A number of other major events will help change the shape of the business environment, although not necessarily for the best in some cases.
- The taming of COVID-19 through the development of a successful vaccine. And while it might be premature to forecast success, there are sufficient indications from medical trials to be confident the disease will either be controlled or managed in a way that lifts the current limitations on trade.
- An easing of tensions between the US and China, with both sides unlikely to pursue policies leading to a full-scale cold war. This scenario is especially likely if (by the time you read this) Joe Biden is US president, with the change in leadership an opportunity to clean up a messy relationship.
- For Australia, an improved US-China relationship will have positive flow-on consequences, creating an opening to heal a rift that threatens to damage trade in agricultural and mineral exports.
- WA’s mining boom, which has fired up the iron ore, gold, and nickel industries, should continue for a little longer, but not indefinitely. Mining booms never last forever, and rival regions will shake-off the effects of COVID19, with the return of Brazil as a significant competitor an early warning of what’s to come.
- Iron ore in particular has almost certainly hit a ceiling, not only because of Brazil’s resurgence but also because steel demand in China is peaking as the effects of the economic stimulus wear off.
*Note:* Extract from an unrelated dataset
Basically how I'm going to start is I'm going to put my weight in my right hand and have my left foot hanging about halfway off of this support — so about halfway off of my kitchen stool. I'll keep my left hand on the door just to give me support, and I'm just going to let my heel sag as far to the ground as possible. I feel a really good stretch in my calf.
In addition, new mines are being developed in other countries, especially Guinea, where the giant Simandou mine is heading towards first shipments in 2025.
- Gold, despite trading close to its all-time high of $US2,067 an ounce in August, is struggling to hang on to a price of $US1,900/oz as global optimism rises and talk starts in financial markets about the next major move in interest rates being up after years of decline. Higher rates, especially in the US, are gold’s worst enemy.
- A possible change in the direction of interest rates was first observed in long-term US Treasury bonds, which have been edging up since early March. Thirty-year bonds have risen from a decades’ low 1.022 per cent to 1.682 per cent, and while still spectacularly low, it’s the trend bond investors are watching.
- For investors, a whiff of higher interest rates will be welcome, even if it could take months (if not years) to flow into Australian savings rates. For households and homebuyers, the threat of higher interest rates is a threat that might not be just around the corner, but is lurking somewhere down the street.
That list of changes is not complete or perfect, but the key point is that times are changing, and if there’s one common trait of successful businesses and investors it’s an ability to adapt to change.
Rates panic
ON the question of interest rates, investors seem to be making seriously distorted decisions in the hope of eking out a few extra cents on their savings.
Because banks are paying less than 1 per cent on most deposits and government rates seem likely to fall as low as 0.1 per cent, there is sense of panic among long-term savers, especially pensioners, who are watching their wealth and retirement plans fade alarmingly.
But what happens next is the real story, and it’s one that will not have a happy ending; because as people feel poorer they amp up the risk profile of the savings in the pursuit of a higher return, even if it carries a disproportionate increase in risk.
The worst example of what’s happening is the recent ‘discovery’ by a number of investment advisers that gold is a worthwhile retirement asset, advice that is as daft as it is 12 months too late.
The daft aspect is the argument that gold is as good as cash because neither pays interest (or not much in the case of cash) whereas gold could deliver a capital gain.
There are, of course, two huge holes in the gold-for-saving argument.
Firstly, gold has had a good run but is struggling to move higher, which destroys the capital gain argument.
Secondly, if/when gold slips lower, there will be capital losses to consider on top of the zero-interest problem.
Cash in the bank, however, carries a government guarantee up to $250,000 on most accounts.